**INSTRUCTIONS FOR THE TASK**
Copy each entry below verbatim. Skip the pictures.

**DATASET ENTRIES**
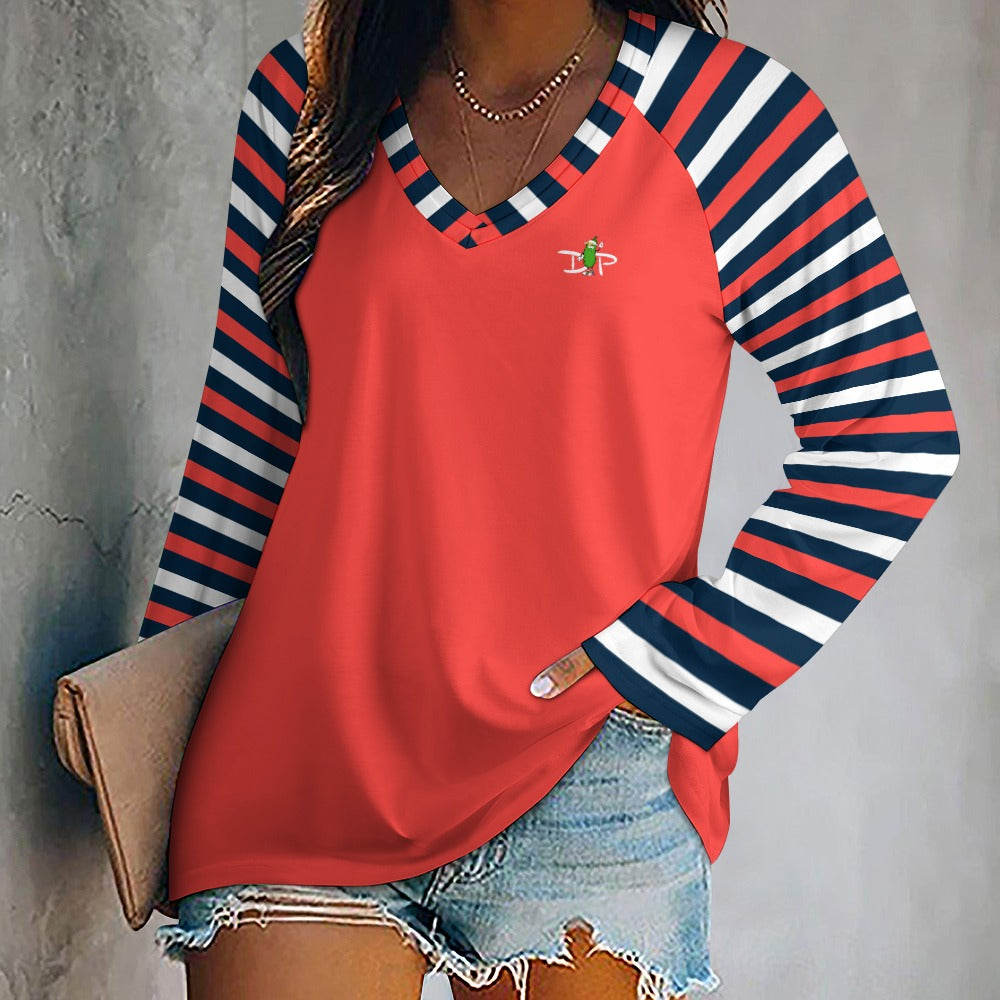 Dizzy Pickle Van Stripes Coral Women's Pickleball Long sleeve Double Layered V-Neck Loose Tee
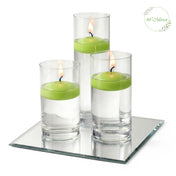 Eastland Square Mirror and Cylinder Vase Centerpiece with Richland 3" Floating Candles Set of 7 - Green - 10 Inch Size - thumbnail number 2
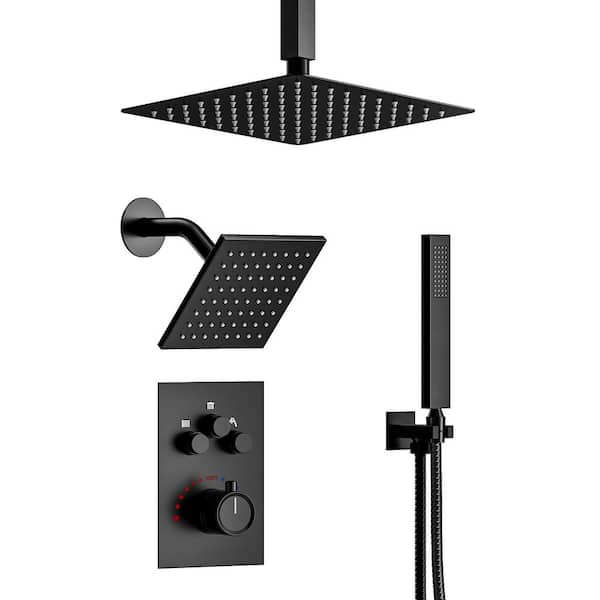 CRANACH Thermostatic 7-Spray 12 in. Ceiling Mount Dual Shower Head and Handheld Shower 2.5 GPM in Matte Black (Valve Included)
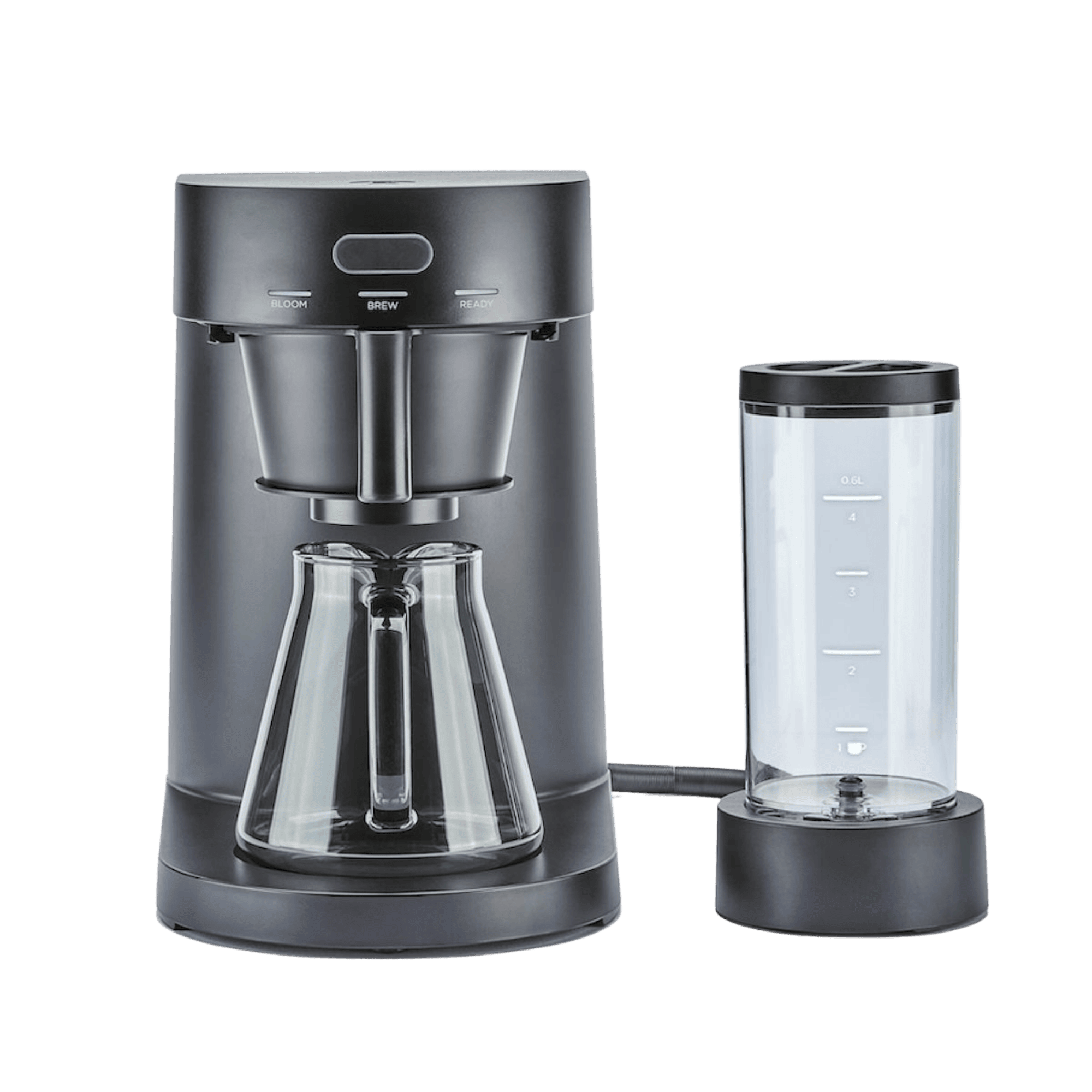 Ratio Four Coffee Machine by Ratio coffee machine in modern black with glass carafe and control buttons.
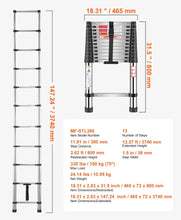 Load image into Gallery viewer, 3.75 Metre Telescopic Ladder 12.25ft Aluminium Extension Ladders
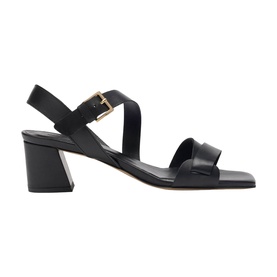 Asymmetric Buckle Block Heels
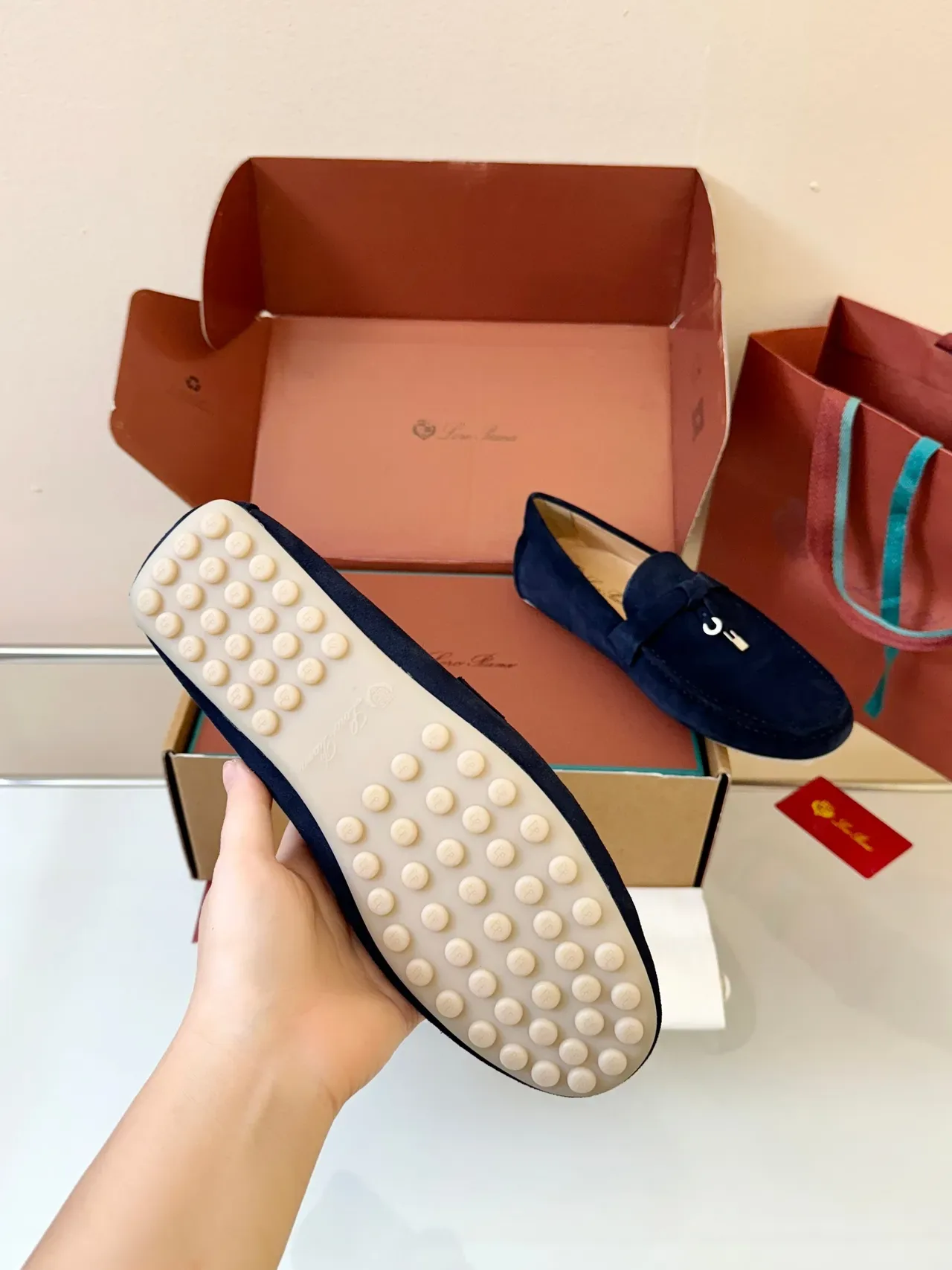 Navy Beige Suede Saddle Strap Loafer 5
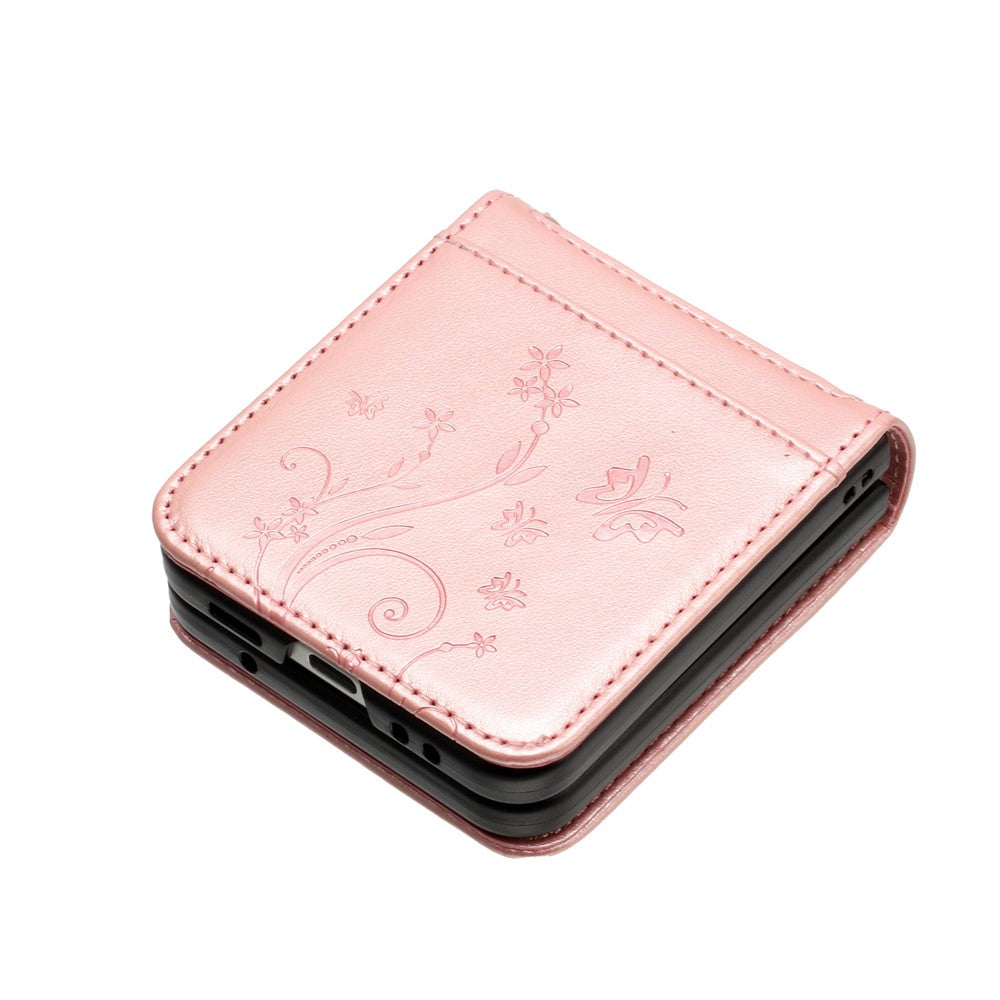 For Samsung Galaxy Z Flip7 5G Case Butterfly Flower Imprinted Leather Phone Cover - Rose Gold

**ANSWER**
 Dizzy Pickle Van Stripes Coral Women's Pickleball Long sleeve Double Layered V-Neck Loose Tee
 Eastland Square Mirror and Cylinder Vase Centerpiece with Richland 3" Floating Candles Set of 7 - Green - 10 Inch Size - thumbnail number 2
 CRANACH Thermostatic 7-Spray 12 in. Ceiling Mount Dual Shower Head and Handheld Shower 2.5 GPM in Matte Black (Valve Included)
 Ratio Four Coffee Machine by Ratio coffee machine in modern black with glass carafe and control buttons.
 Load image into Gallery viewer, 3.75 Metre Telescopic Ladder 12.25ft Aluminium Extension Ladders
 Asymmetric Buckle Block Heels
 Navy Beige Suede Saddle Strap Loafer 5
 For Samsung Galaxy Z Flip7 5G Case Butterfly Flower Imprinted Leather Phone Cover - Rose Gold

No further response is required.